Encoding high dimensional vector data/ word embeddings

Hello everyone! I am currently trying to use an HTM model to detect anomalies in log event data (HDFS/BGL logs). However, my current approach involves converting the log events to high dimensional vectors using a word2vec model with dimensions >30.

Since the fields here are correlated to one another, building different models for each field is not an option. Are there any specific encoding methods for vectors with high dimensions? Or is the only option to reduce the dimensionality somehow and use scalar encoders?

Thank you in advance!

Hi, how many dimensions and data points do you actually have?

Hey! I currently have 32 dimensions and around 57000 rows.

You have best chances with an encoding that preserves similarity. I would try fly hash encoder, which roughly is a simple random projection from a (relatively) low dimension space of floats to a (relatively) higher dimensional space of sparse bits (== SDRs)

If you have no idea what I’m talking about here-s an article to begin with. I found this image quite relevant.

My attempt at implementing a simple one was quite satisfying on MNIST, if you want to try it on your data too, I can help explaining what it actually does, if the source seems too cryptic.

1 Like

I assume each 32 float vector corresponds to a single log line.
What is important is to have the time of each event occurrence encoded within the vector itself, preferably with words each catching a different “aspect” within time - year, month, day of week, day of month, hour, minute, seconds.
That would be more “insightful” than representing time as a float e.g.

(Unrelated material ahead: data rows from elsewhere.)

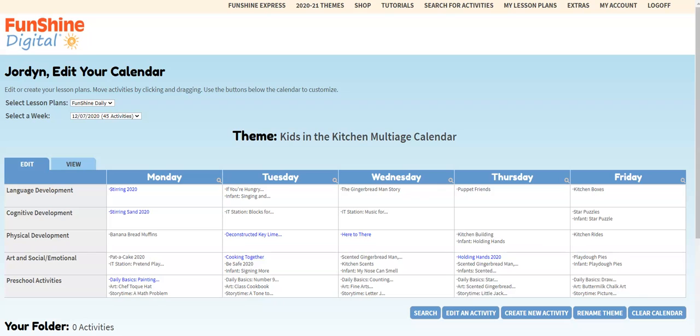In other videos, we'll show you even more ways you can customize your calendar. If you have any questions, please don't hesitate to contact us. All of our contact information is at the bottom of every Funshine Express page. Have a great day!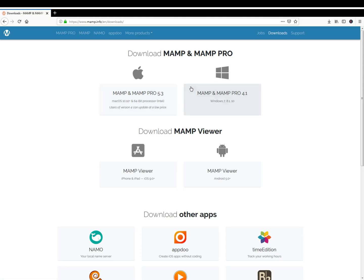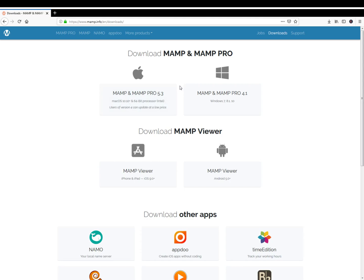You can download whichever operating system you have and install it, and from there you can go on to the next steps of getting started with Python.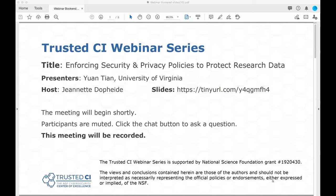Good morning, and welcome to the Trusted CI webinar for October 26, 2020. I'm your host, Jeanette Dopp-Heidi. Trusted CI is the NSF Cybersecurity Center of Excellence, and these webinars are part of its mission to deliver high-quality, actionable guidance regarding cybersecurity to the NSF community. More information about Trusted CI can be found at trustedci.org.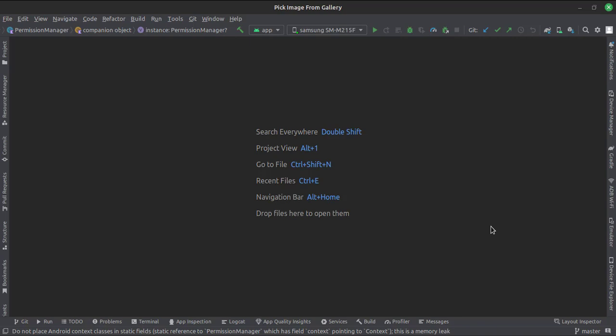Today we will see how to pick an image and multiple images from the gallery in Kotlin Android.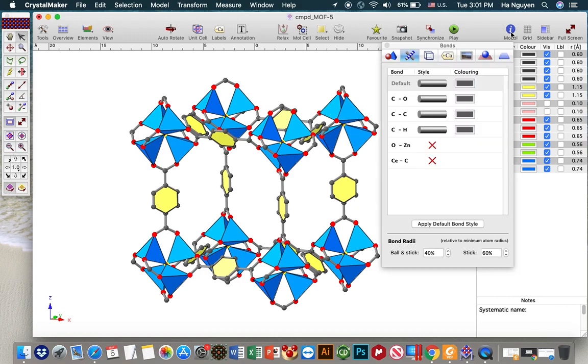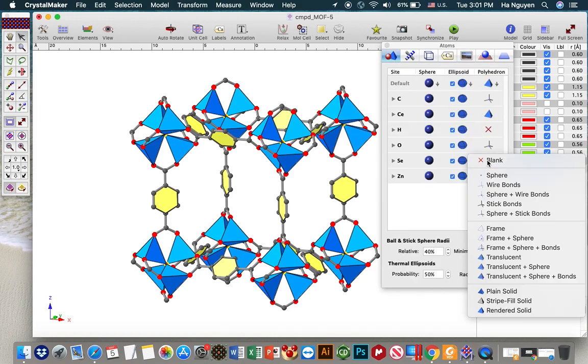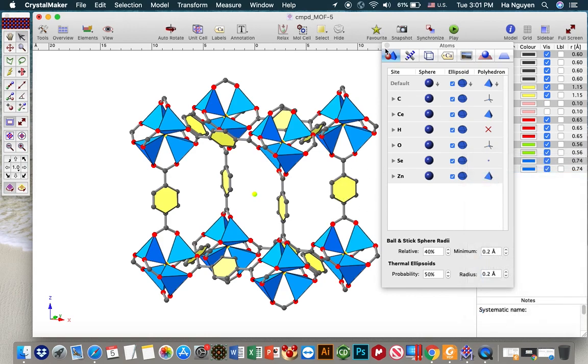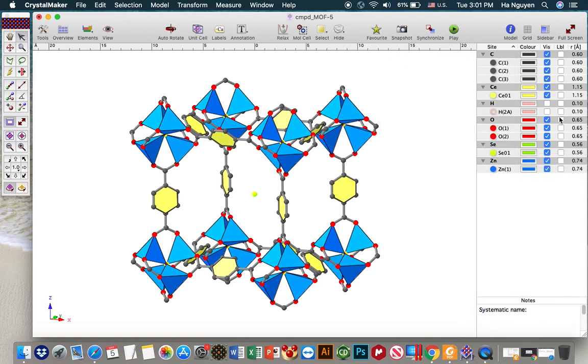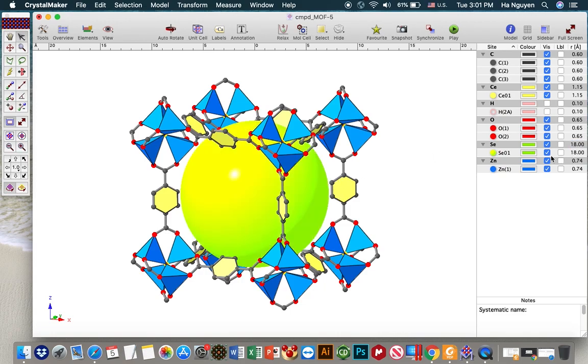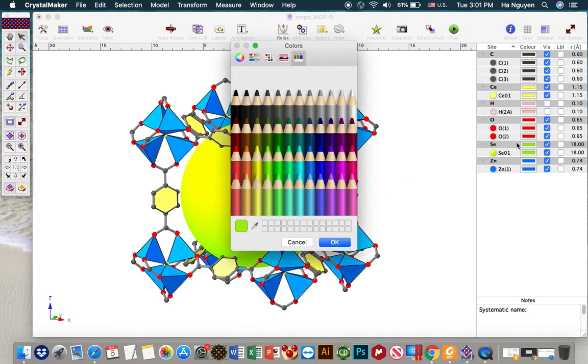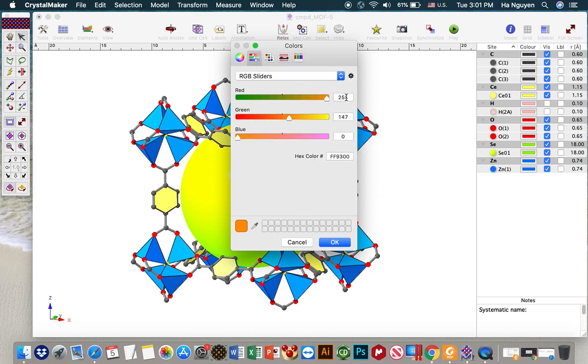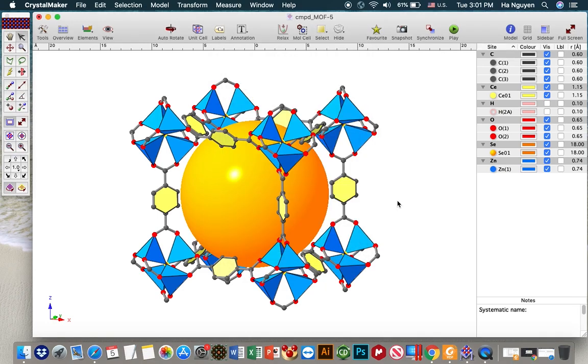And next one you have to do is you move to item style and then you choose style of selenium to be sphere. And you can change the size of the sphere to fit with the distance between the center to the phenyl ring from here to here. I put it around 18 for example. And then this one, make it orange. Perfect. Something like that.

[1552622.974721] smpboot: Booting Node 0 Processor 3 APIC 0x3
[1552622.975300] CPU3 is up
[1552622.976639] ACPI: Waking up from system sleep state S3
[1552622.998637] sd 1:0:0:0: [sda] Starting disk
[1552623.200812] OOM killer enabled.
[1552623.200813] Restarting tasks … done.
[1552623.205668] video LNXVIDEO:00: Restoring backlight state
[1552623.205676] PM: suspend exit
[1552623.375128] e1000e 0000:00:19.0 enp0s25: NIC Link is Down
[1552623.436960] ata2.00: ACPI cmd ef/10:06:00:00:00:00 (SET FEATURES) succeeded
[1552623.436966] ata2.00: ACPI cmd b1/c1:00:00:00:00:00 (DEVICE CONFIGURATION OVERLAY) filtered out
[1552623.436968] ata2.00: ACPI cmd f5/00:00:00:00:00:00 (SECURITY FREEZE LOCK) filtered out
[1552626.354200] e1000e 0000:00:19.0 enp0s25: NIC Link is Up 1000 Mbps Full Duplex, Flow Control: Rx/Tx
[1552626.354257] IPv6: ADDRCONF(NETDEV_CHANGE): enp0s25: link becomes ready

Thank you so much for your detailed write-up. I am currently reading through the article and I believe the fly hash encoder is exactly what I am looking for.

Thank you again for sharing your implementation as well. I will try to post the results once I finish my project.